What to do
Below are records. Transcribe exactly the lines from the one that contains "Patagonia Floral Pattern" through the last line, leaving any pictures out.

[Records from a collection]
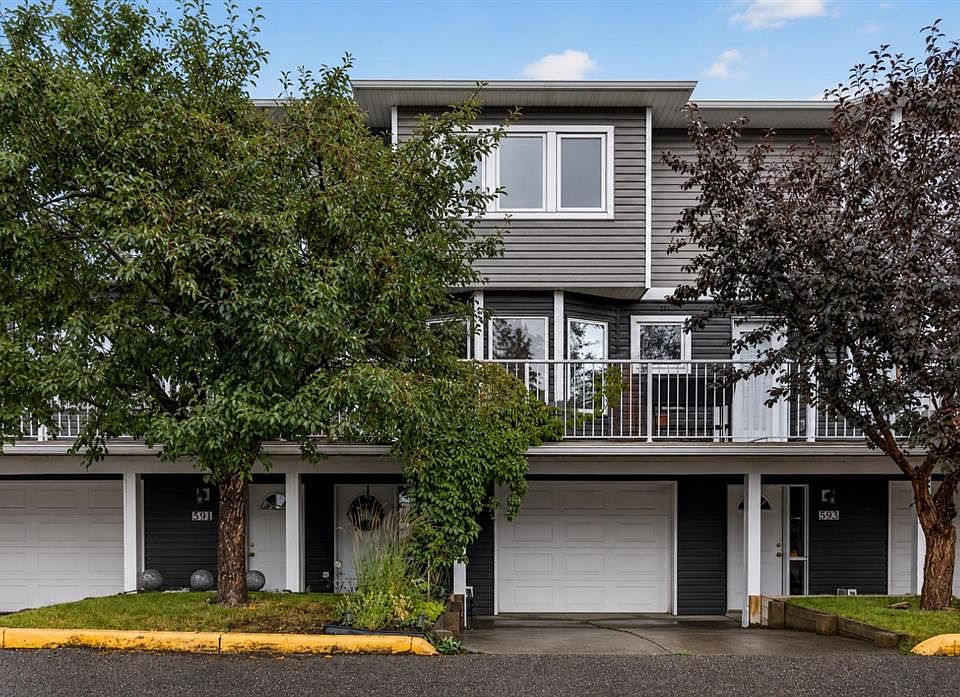 1st image of 592 W Regal Park NE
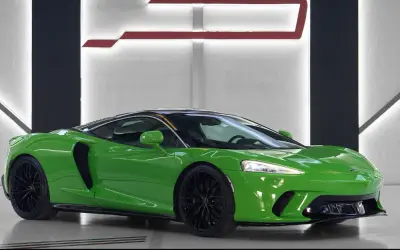McLaren GT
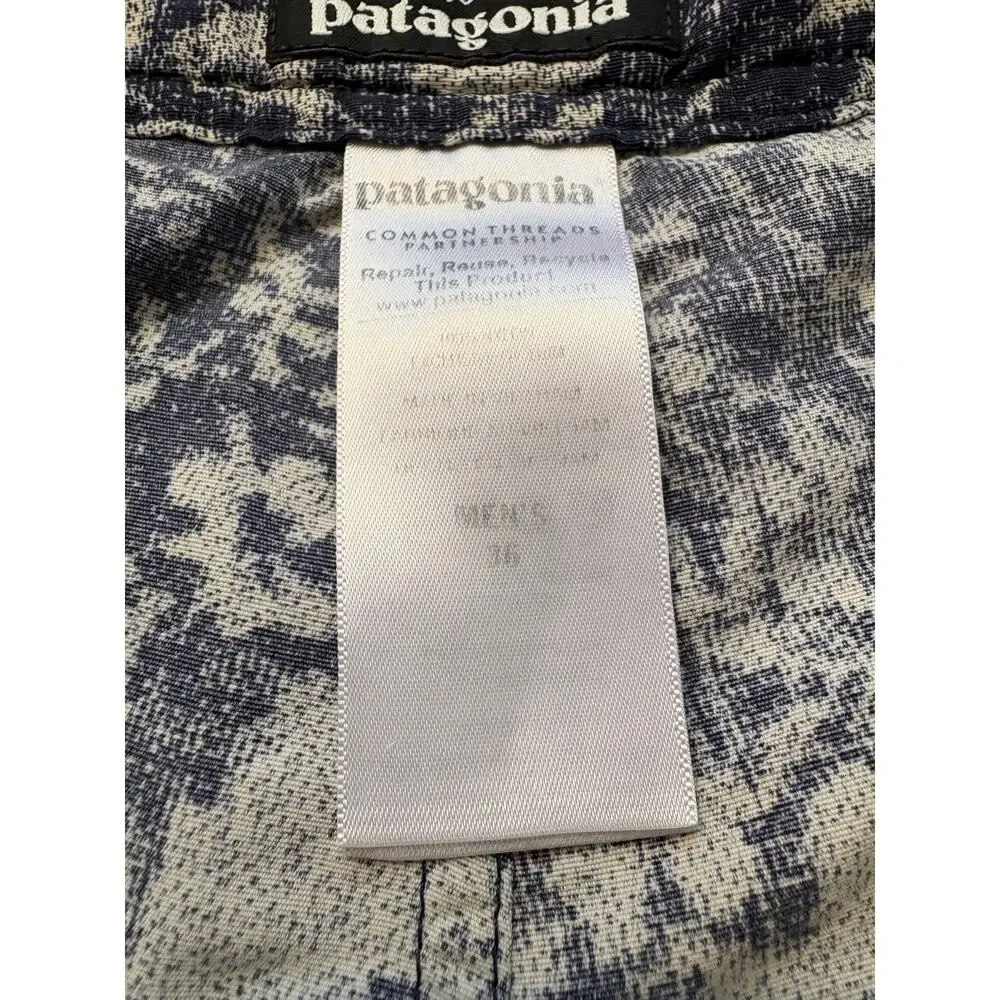 Patagonia Floral Pattern Nylon Board Shorts w/ Drawstring Mens Size 36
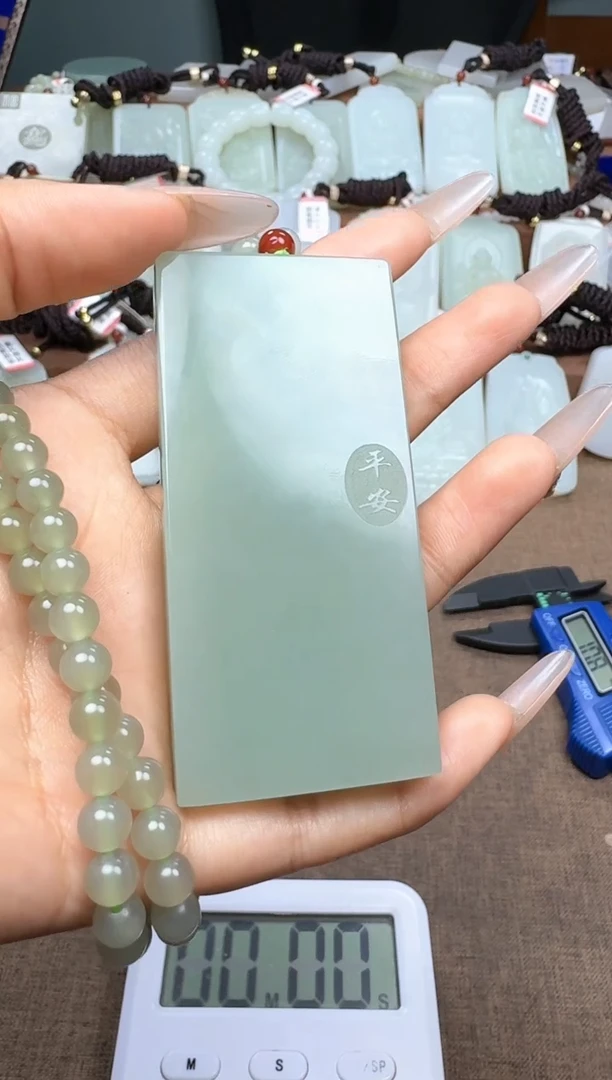 和田玉未镶嵌颈饰和田玉挂件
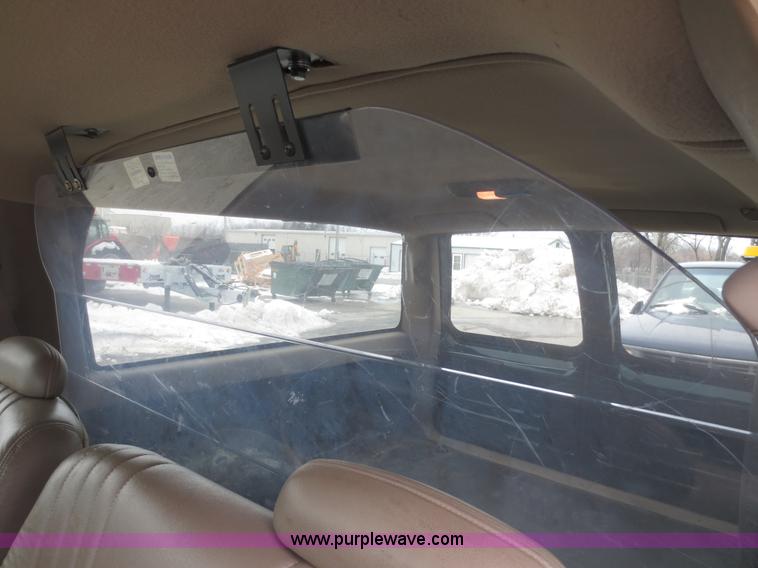 image for item D5800 1998 Chevrolet Suburban C1500 SUV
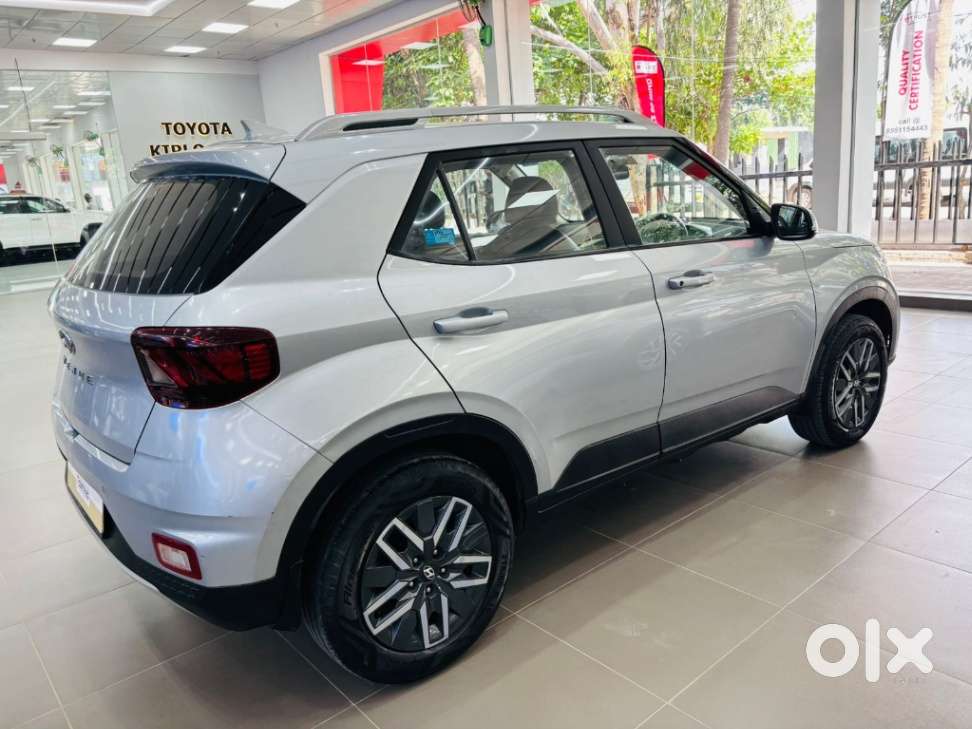 Hyundai Venue 1.2 S Plus, 2022, Petrol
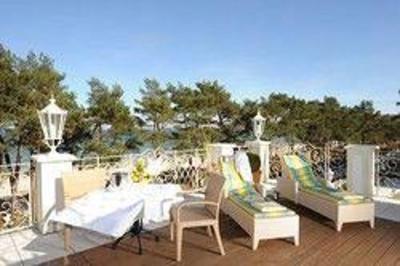 фото отеля Rugard Strandhotel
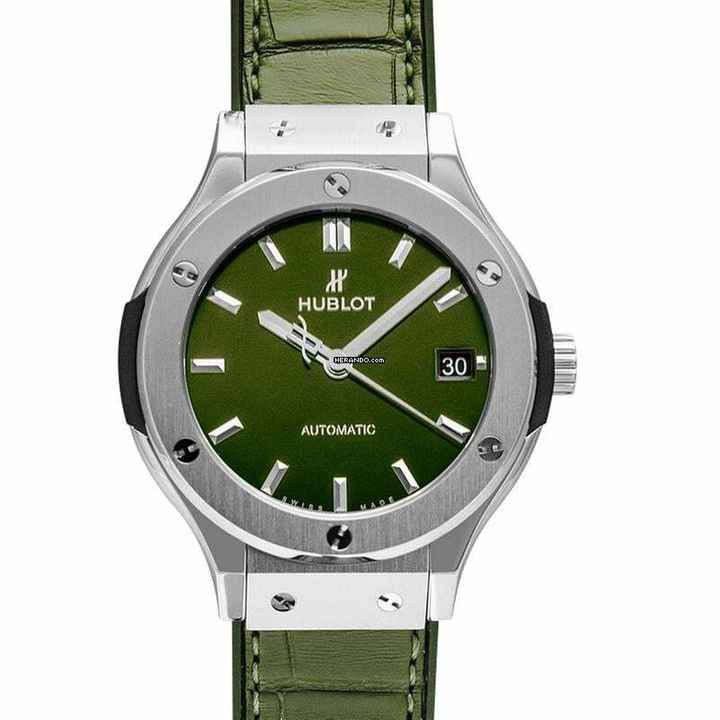  Hublot Classic Fusion 565.NX.8970.LR - Classic Fusion Automatic Green Dial Titanium Men's Watch </h1> 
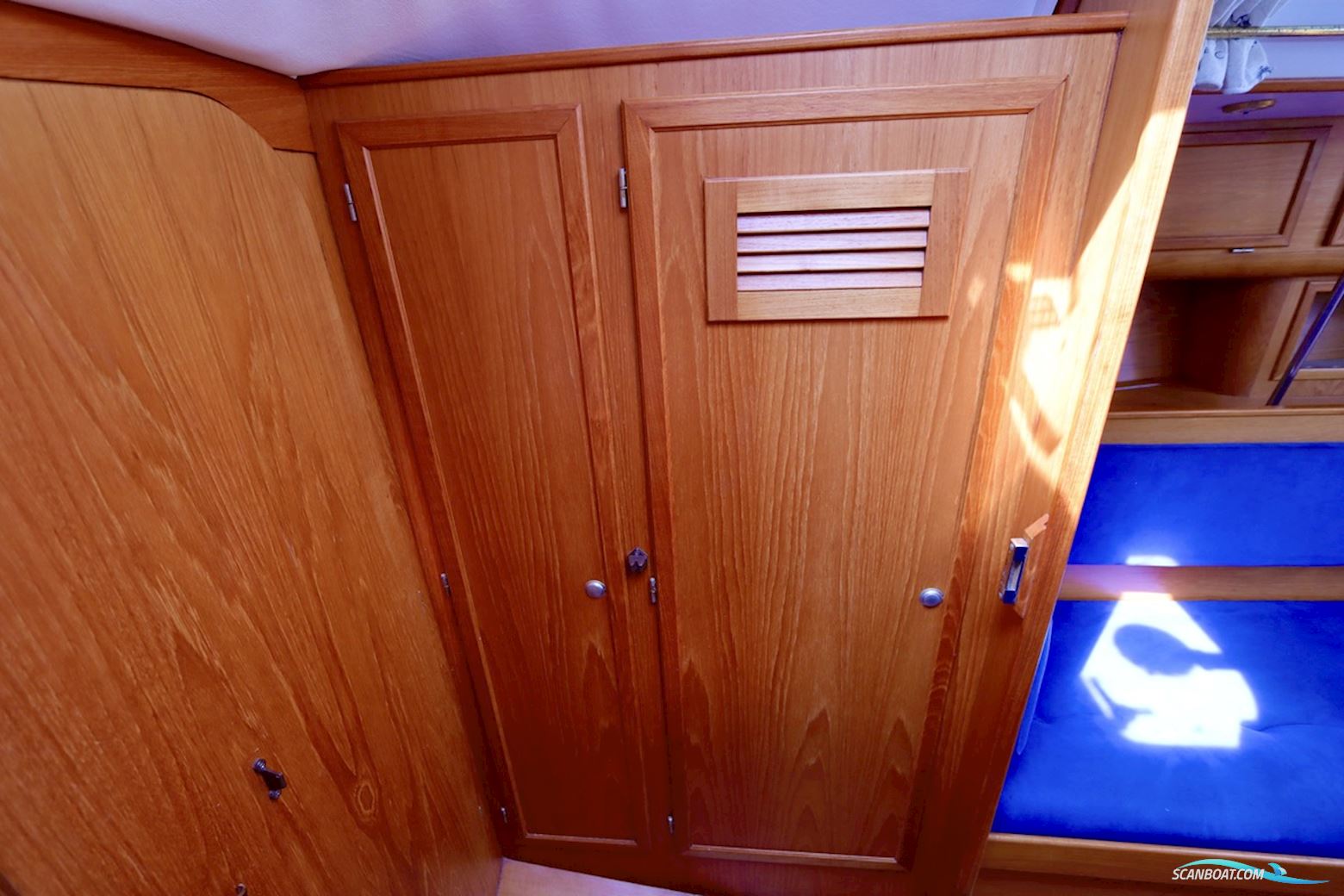 Spirit 37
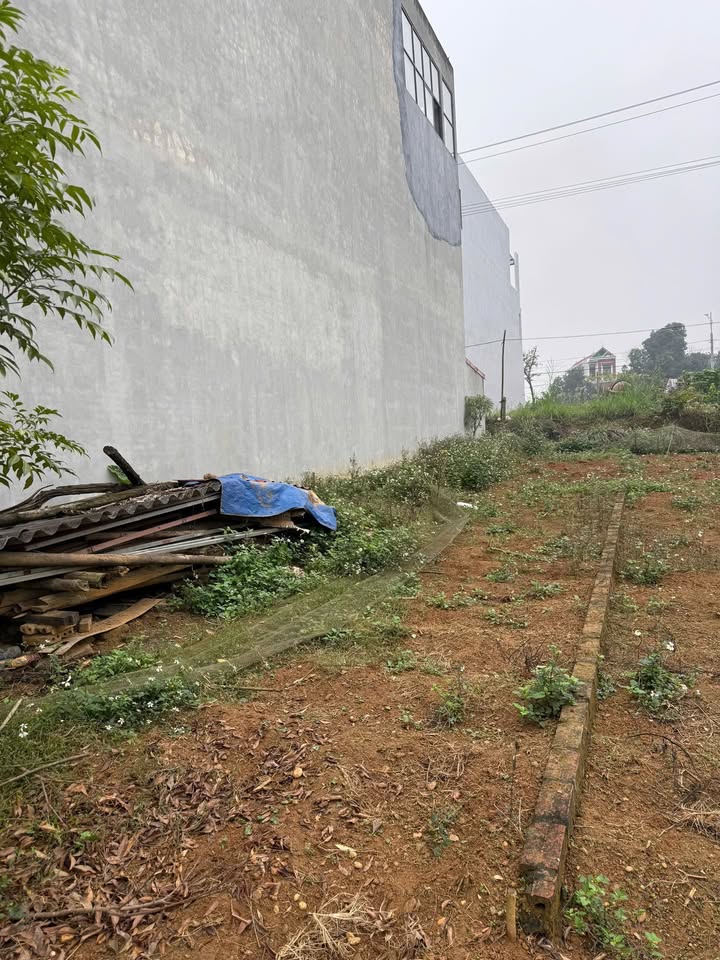 Đất nền Vân Phú, Việt Trì 84m² - Đất thổ cư 100%, giá chỉ 2.4 tỷ!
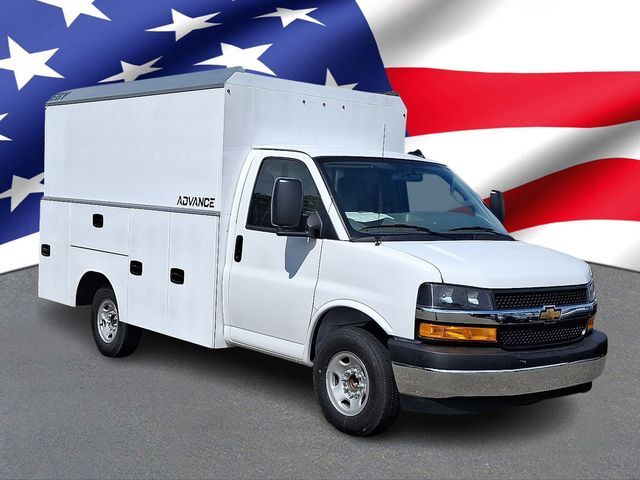 2025 CHEVROLET Express 3500 in Woodbine, NJ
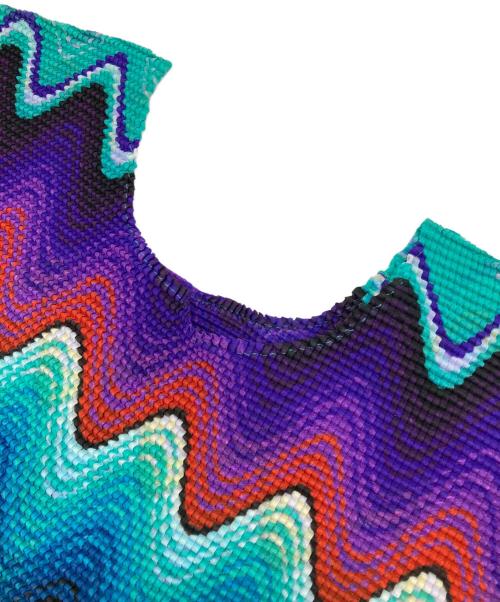 me ISSEY MIYAKE（ミーイッセイ ミヤケ）me ISSEY MIYAKE (ミーイッセイ ミヤケ) ノースリーブプリーツカットソー ブルー×グリーン サイズ:FREEの古着・服飾アイテム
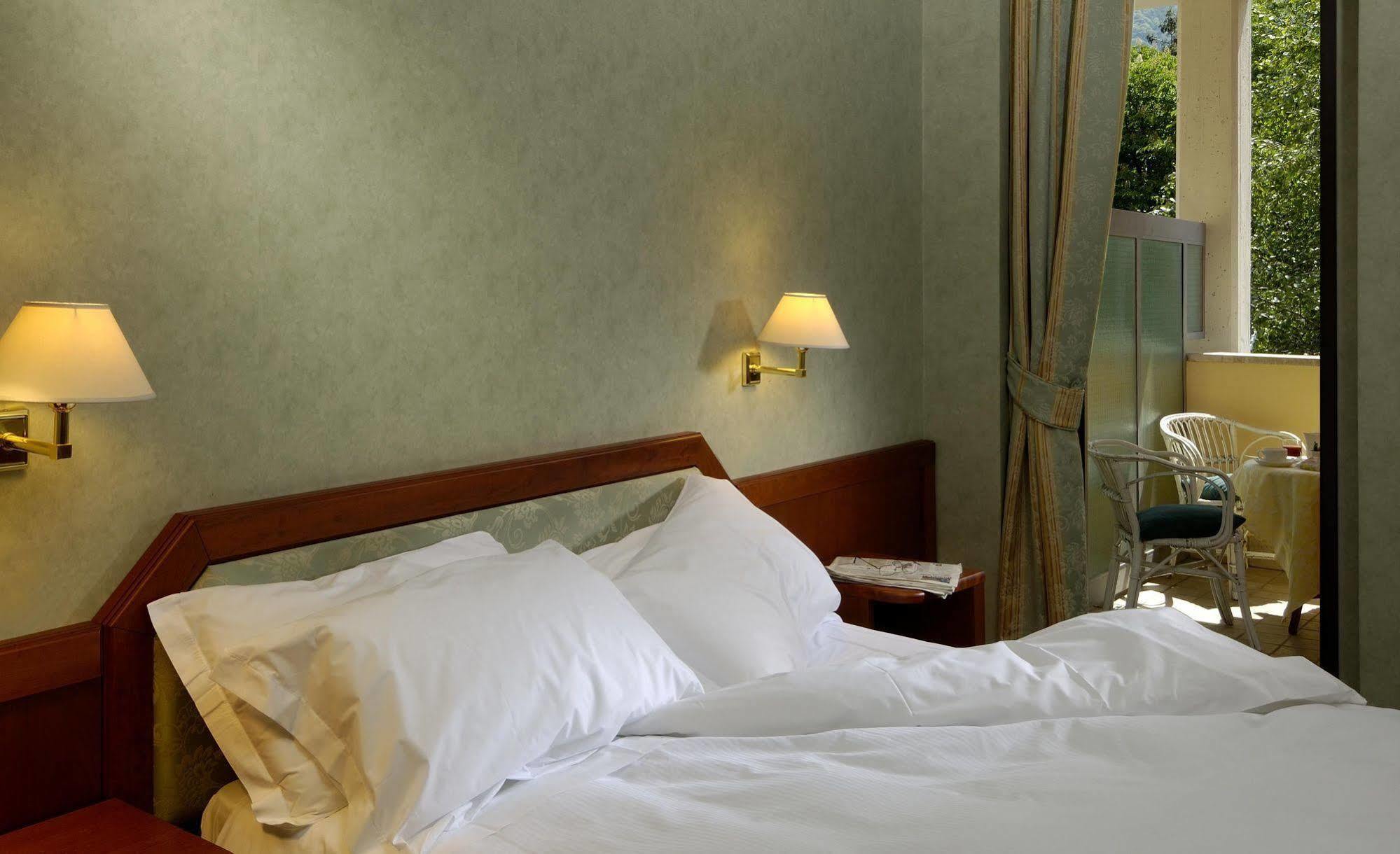 Rizzi Aquacharme Hotel & Spa Darfo Boario Terme Ngoại thất bức ảnh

Response to this exercise
 Patagonia Floral Pattern Nylon Board Shorts w/ Drawstring Mens Size 36
 和田玉未镶嵌颈饰和田玉挂件
 image for item D5800 1998 Chevrolet Suburban C1500 SUV
 Hyundai Venue 1.2 S Plus, 2022, Petrol
 фото отеля Rugard Strandhotel
  Hublot Classic Fusion 565.NX.8970.LR - Classic Fusion Automatic Green Dial Titanium Men's Watch </h1> 
 Spirit 37
 Đất nền Vân Phú, Việt Trì 84m² - Đất thổ cư 100%, giá chỉ 2.4 tỷ!
 2025 CHEVROLET Express 3500 in Woodbine, NJ
 me ISSEY MIYAKE（ミーイッセイ ミヤケ）me ISSEY MIYAKE (ミーイッセイ ミヤケ) ノースリーブプリーツカットソー ブルー×グリーン サイズ:FREEの古着・服飾アイテム
 Rizzi Aquacharme Hotel & Spa Darfo Boario Terme Ngoại thất bức ảnh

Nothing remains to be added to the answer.